To his admiring peers, Mr. Leonard did not merely validate the popular crime thriller; he stripped the form of its worn-out affectations, reinventing it for a new generation and elevating it to a higher literary shelf.
Reviewing “Riding the Rap” for The New York Times Book Review in 1995, Martin Amis cited Mr. Leonard’s “gifts — of ear and eye, of timing and phrasing — that even the most indolent and snobbish masters of the mainstream must vigorously covet.” As the American chapter of PEN noted, when honoring Mr. Leonard with its Lifetime Achievement award in 2009, his books “are not only classics of the crime genre, but some of the best writing of the last half-century.”Mr.
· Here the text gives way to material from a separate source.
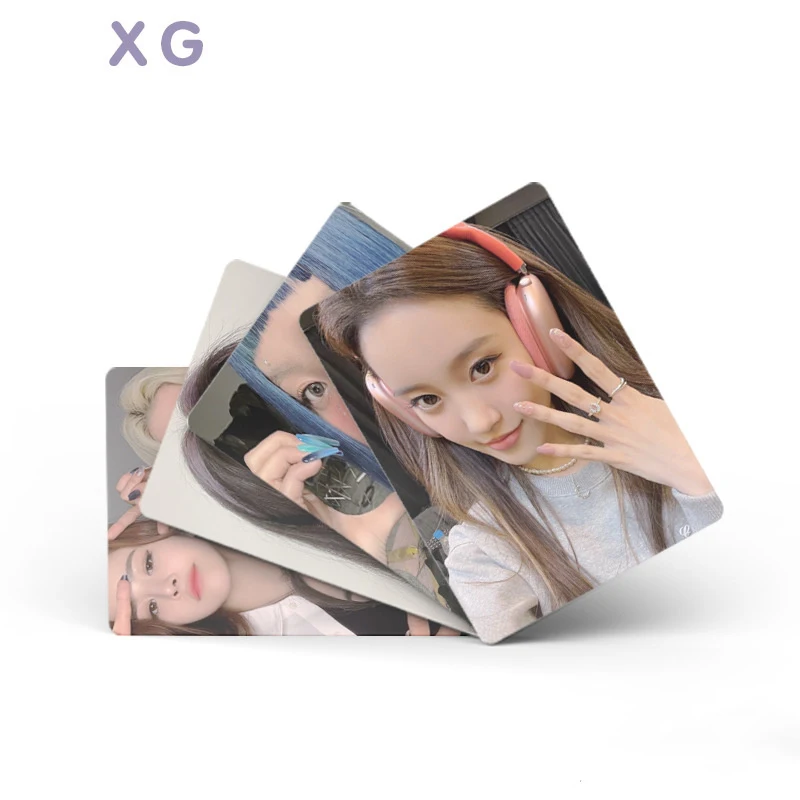 LOMO Cards 50pcs/set Laser XG Girl Group Album JURIN CHISA HINATA HARVEY JURIA Fan Collection Gift Photo Postcard KPOP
Leonard’s first story was published in Argosy magazine in 1951, and 60 years later he was still turning out a book a year because, he said, “It’s fun.”
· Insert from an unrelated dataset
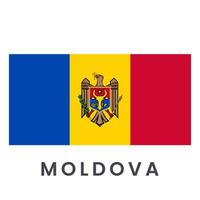 moldova bandiera isolato su bianca sfondo. vettore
It was in that spirit that Mr. Leonard, at 84, took more than a casual interest in the development of one of his short stories, “Fire in the Hole,” for television. “Justified,” as the FX series was called, won a Peabody Award in 2011 in its second season and sent new fans to “Pronto” (1993) and “Riding the Rap” (1995), two novels that feature the series’s hero, Raylan Givens (played by Timothy Olyphant), a federal marshal from Harlan County, Ky., who presents himself as a good ol’ country boy but is “not as dumb as you’d like to believe.”
Approving of the way the show was working out, Mr. Leonard wrote his 45th novel, “Raylan,” with the television series in mind. Published in 2012, it featured three strong female villains and gave its cowboy hero license to shoot one of them.
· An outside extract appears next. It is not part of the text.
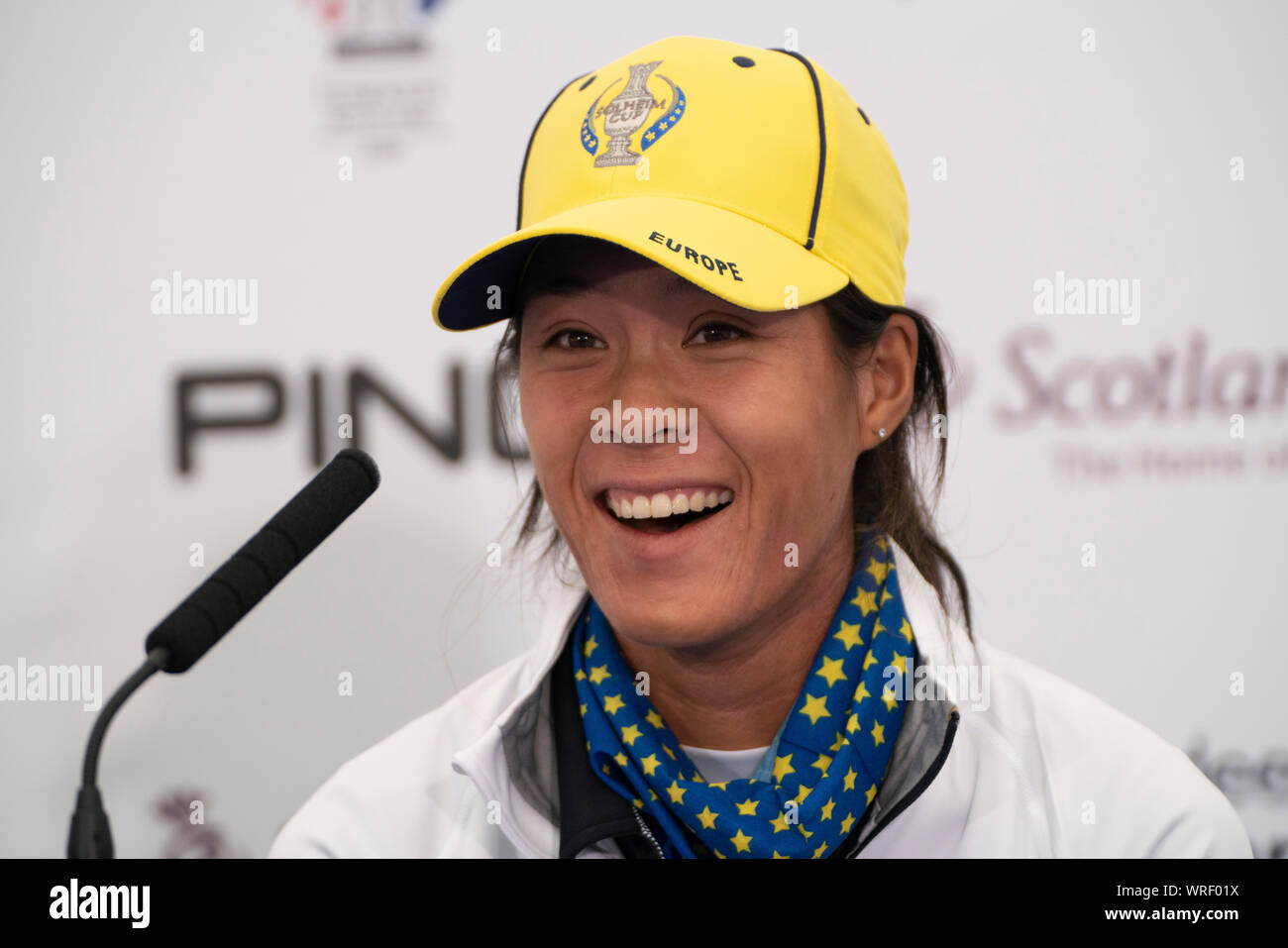 Auchterarder, Ecosse, Royaume-Uni. 10 septembre 2019. Conférence de presse par équipe à Gleneagles. Céline Boutier imagée de l'Europe.Iain Masterton/Alamy Live News Banque D'Images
From Dennis McLellan's Leonard obituary on the LA Times website, which calls Leonard "one of America's greatest crime novelists and one of Hollywood's favorite storytellers."
With his lean, hard prose infused with unflinching realism, mordant humor, moral ambivalence and what one critic called "a seemingly inexhaustible cast of sleazeballs, scam artists and out-and-out psychopaths," Leonard turned out dozens of best-selling crime novels that transcended their genre.
Frequently set in Detroit or South Florida, they showcased Leonard's flair for writing pitch-perfect dialogue....In reviewing one of Leonard's books, British novelist Martin Amis once wrote: "Elmore Leonard is a literary genius who writes re-readable thrillers. [He] possesses gifts — of ear and eye, of timing and phrasing — that even the most indolent and snobbish masters of the mainstream must vigorously covet."
The Michigan author scored more than his share of fans in Hollywood, where most of his novels were optioned or bought for films.
"You have to put him up there with the greats, like Jim Thompson and James M. Cain," screenwriter Robert Towne told the Los Angeles Times in 1995. "His stories have an economy of language that gives his dramatic situations an incredible sense of ballast and gravity."
Gregg Sutter, who lives here, was Leonard's researcher for more than 30 years. His girlfriend, advice blogger Amy Alkon, writes today that "He took big bites out of life every day of his life for 87 years, and died in his sunny writer's room, surrounded by his family, who loved him."